In recent years, Australia's concert biz has been rumbling along in a rude state of health. Ticket sales have been healthy, there's no shortage of touring acts and prices at the gate are high compared with the U.S. or Britain; according to the LPA, average concert ticket prices rose by 0.6% to Australian $103.45 ($108).

Also in the report, music festivals suffered a 4.4% decline in takings to Australian $96.45 million ($101 million), while attendance dropped by 4.2%. The average festival ticket price was higher than it's ever been -- Australian $138.97 ($146) -- while the year's biggest festivals were Future Music, Splendour In The Grass and Big Day Out.

With the British festivals space facing pressures of its own, many observers are looking for the same tell-tale signs in the live sector to appear Down Under.

Those cracks have already appeared. The Big Day Out, for many years the titan among Australia's festivals, endured a dreadful early 2012 tour and has now been overtaken by Future and Stereosonic as the country's most popular fests. The BDO will be back next year, reshaped and with a new partner in C3 Presents. Few festivals will find the busy upcoming summer calendar a breeze.

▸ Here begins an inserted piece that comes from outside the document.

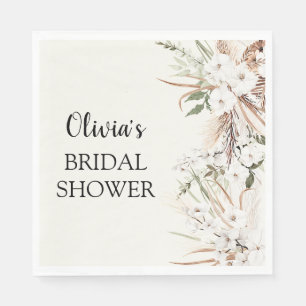 Boho Floral Pampas Grass Bridal Shower Paper Napkin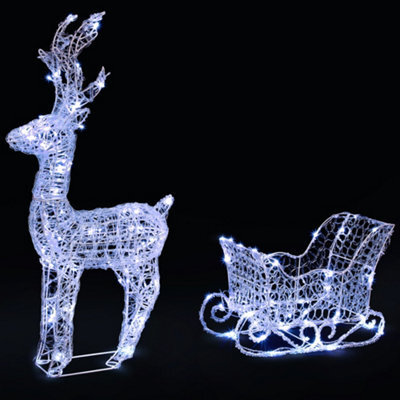 Verymerry Christmas Reindeer With Sleigh, 180 Led Light Up Acrylic Figures Garden Christmas Decoration, Auto-Off Timer - Cool - image 1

Chugg admits the festivals space is a tough one, but he's unfazed by talk of a wider downturn. "I reckon we're the strongest market in the world right now," notes Chugg, whose company Michael Chugg Entertainment shifted almost 400,000 in the first half of the year. "Certainly sales figures have shown that and the amount of traffic we're getting through the country doesn't seem to be causing death and destruction in terms of losing any money." Chugg is in the thick of the action. In the coming months, he'll bring the likes of Coldplay, Radiohead, Weezer, Gotye and Kelly Clarkson to these shores. "You'd have to think of Australia as very strong at the moment."